Una bomba fa saltare l’unico ponte che unisce il villaggio montano e la pianura, la situazione si fa drammatica e la nonna porta Pietro e una sua cuginetta, Neda, sulla montagna, fra le caverne del Limidario. Gli lascia qualcosa da mangiare e da cambiarsi, e scompare, non la vedranno più.
I due bambini si abituano man mano alla solitudine delle rocce protettrici, imparano a vivere con quello che il bosco gli offre, Pietro si costruisce armi rudimentali con cui dà la caccia agli animali di cui lui e Neda possono cibarsi. In poche parole, diventano trogloditi, antidiluviani uomini delle caverne.
Passano settimane, mesi, anni. Pietro e Neda crescono, si fanno adulti, non concepiscono altra vita. I ricordi dei genitori e della nonna sfumano, fra loro nasce uno strano sentimento, che li spinge ad abbracciarsi in modo nuovo. Neda aspetta un bambino, ma quando questo nasce, la morte lo coglie subito, insieme alla madre. Pietro non capisce, si dispera, urla di dolore e di rabbia e fugge, lascia la caverna e supera il confine, lo accoglie un Paese totalmente diverso, la Svizzera.
E qui comincia una nuova vita.
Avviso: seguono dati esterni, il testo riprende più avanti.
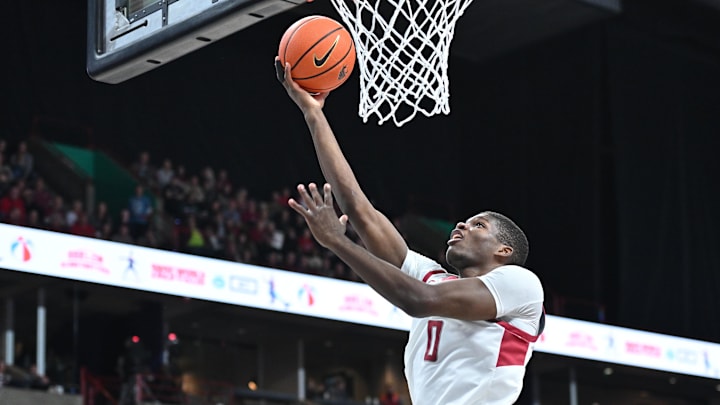Nov 21, 2024; Spokane, Washington, USA; Washington State Cougars guard Cedric Coward (0) makes an easy lay up against the Eastern Washington Eagles in the first half at Spokane Veterans Memorial Arena. Nov 21, 2024; Spokane, Washington, USA; Washington State Cougars guard Cedric Coward (0) makes an easy lay up against the Eastern Washington Eagles in the first half at Spokane Veterans Memorial Arena.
Superata la sorpresa per quell’essere strano, che conosce poche parole e non s nulla del tempo in cui si trova, studiosi e sociologi si appassionano a lui, seguono e osservano la sua “civilizzazione” come sintesi del percorso di milioni di anni dalla supposta scimmia primordiale all’homo sapiens.
Pietro sta al gioco, e lascia traccia della sua personale evoluzione in un “memoriale”. Che sarà poi ritrovato anni dopo in una parrocchia abbandonata e utilizzato da Ronfani inframmezzandolo alla sua prosa nel romanzo. Ma il mondo, nel frattempo, sarà cambiato. La terza guerra mondiale ci sarà stata, fra Occidente e Oriente, ma sarà stata vinta da quest’ultimo, passato dagli attentati di oggi al possesso dell’arma nucleare; e dopo reciproche stragi, sarà infine stabilita una pace universale non in base a ragioni umane, o ispirazioni religiose, ma ai dettami della nuova tecnologia fondata sull’uso spasmodico e generalizzato del computer, il Grande Ordinatore, fino a coinvolgervi “in rete” i cervello umano, e di una finanza globalizzata in cui non contano più né le Nazioni, né le etnie, né le fedi, ma il solo denaro.
Il tutto, grazie alla «volontà unanime di proseguire sulla strada della Cyber Società Consacrata nell’interesse della pace e della felicità di tutti gli uomini».
Ma quel punto Pietro Forster non ci sarà più, dimenticato come tutti gli esseri umani nati troppo presto, come noi, per le meraviglie del futuro.